Il regista Gianluca Jodice ha tratto dalla biografia di D’Annunzio un film intitolato “il cattivo poeta”, uscito nelle sale cinematografiche a maggio 2021, con Sergio Castellitto nel ruolo del protagonista. Ambientato durante il fascismo, narra dell’amicizia tra Gabriele d’Annunzio e il politico fascista bresciano Giovanni Comini (1917-2002) che diventerà frequentatore assiduo della villa di Gardone Riviera. Quando la fidanzata del politico si suicida per l’arresto del fratellastro antifascista, Comini inizia a dubitare del regime, e l’amicizia con il Vate crescerà sempre di più. Infatti, alla morte di quest’ultimo, avvenuta nel 1938 per emorragia cerebrale, Comini verrà degradato. Alla fine quest’ultimo riceverà in regalo una piuma del Poeta in ricordo della loro amicizia.

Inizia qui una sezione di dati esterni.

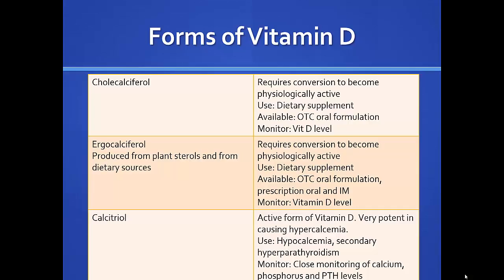There are a couple of different forms of vitamin D. Cholecalciferol is not active on its own — it has to be converted — but it is available over the counter. Most vitamin D you find at Walmart, Walgreens, etc. will be cholecalciferol, which your body can convert. Calcitriol is really only used in kidney disease and parathyroid situations, and is given by prescription only.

Analisi della poesia “la pioggia nel pineto”
Taci. Su le soglie
del bosco non odo
parole che dici
umane; ma odo
parole più nuove
che parlano gocciole e foglie
lontane.
Questi sono i versi con cui si apre la celebre lirica. Il poeta si trova con la sua compagna Eleonora Duse nella pineta di Marina di Pietrasanta. Entrambi vengono sorpresi da un temporale estivo. Ebbene, il poeta traduce in parole alla sua compagna ciò che la pioggia stessa vuole comunicare con la sua musica: invitare a tacere proprio per entrare in contatto con la meraviglia della natura e gioirne. Le gocce cadono e, passando attraverso i rami e le foglie degli alberi, creano una sinfonia di suoni e di profumi così magica da riuscire addirittura a trasformare gli amanti in creature vegetali, proprio come in una favola.
Ogni strofa termina con il richiamo a Ermione. Si tratta di un grande riferimento classico con cui il poeta richiama e, ancor più, rende magicamente immortale la sua amata. Secondo la mitologia greca, Ermione è la figlia di Elena e Menelao, nonchè causa della guerra di Troia.

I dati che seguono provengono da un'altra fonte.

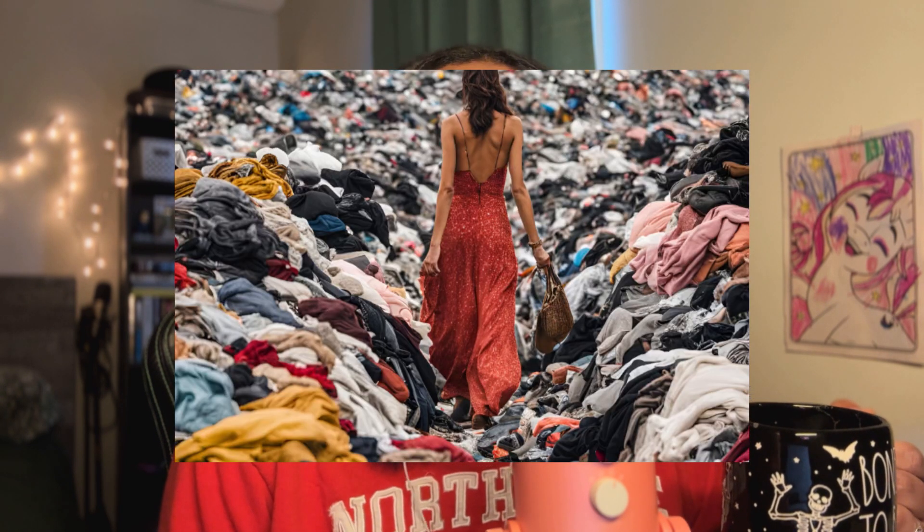Before we dive into the environmental impacts of fast fashion, I just want to take a moment to define what it actually is. Fast fashion refers to the production of inexpensive, mass-produced clothing that mimics high-end fashion trends and makes them accessible to a wider audience. The defining characteristic of fast fashion is speed — these clothes are designed, manufactured, and delivered to stores or online platforms in record time, often within weeks of a new trend appearing. When we think of fast fashion brands, companies like Zara, H&M, and Shein come to mind. These retailers release new styles at an astonishing pace, sometimes weekly or even daily.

Trasformazione della donna in “La pioggia nel pineto”
Nella seconda strofa il poeta fa un riferimento al concerto: “E il pino / ha un suono, e il mirto / altro suono, e il ginepro / altro ancóra, stromenti / diversi / sotto innumerevoli dita”. E a partire dal verso 52 mette chiaramente in evidenza la trasformazione della donna. Paragona il suo volto a una foglia, e i suoi capelli a delle ginestre. Nell’ultima strofa la ritrae quasi verde come una pianta e paragona alcune parti del suo corpo ad affascinanti elementi naturali: il cuore a una pesca intatta, gli occhi a delle pozzanghere sull’erba, e i denti a delle mandorle acerbe.
Gli ultimi versi della poesia riprendono gli ultimi della prima strofa: “Piove su i nostri vólti /
silvani, / piove su le nostre mani / ignude, / su i nostri vestimenti / leggieri, / su i freschi pensieri / che l’anima schiude / novella, / su la favola bella / che ieri / m’illuse, che oggi t’illude, / o Ermione.” La favola bella è proprio questa fusione totale degli amanti con la natura, questa trasformazione illusoria. Nella ripresa di questi versi è bene notare anche l’inversione dei pronomi personali “mi” e ” ti” per sottolineare la reciprocità dell’amore tra il poeta ed Ermione.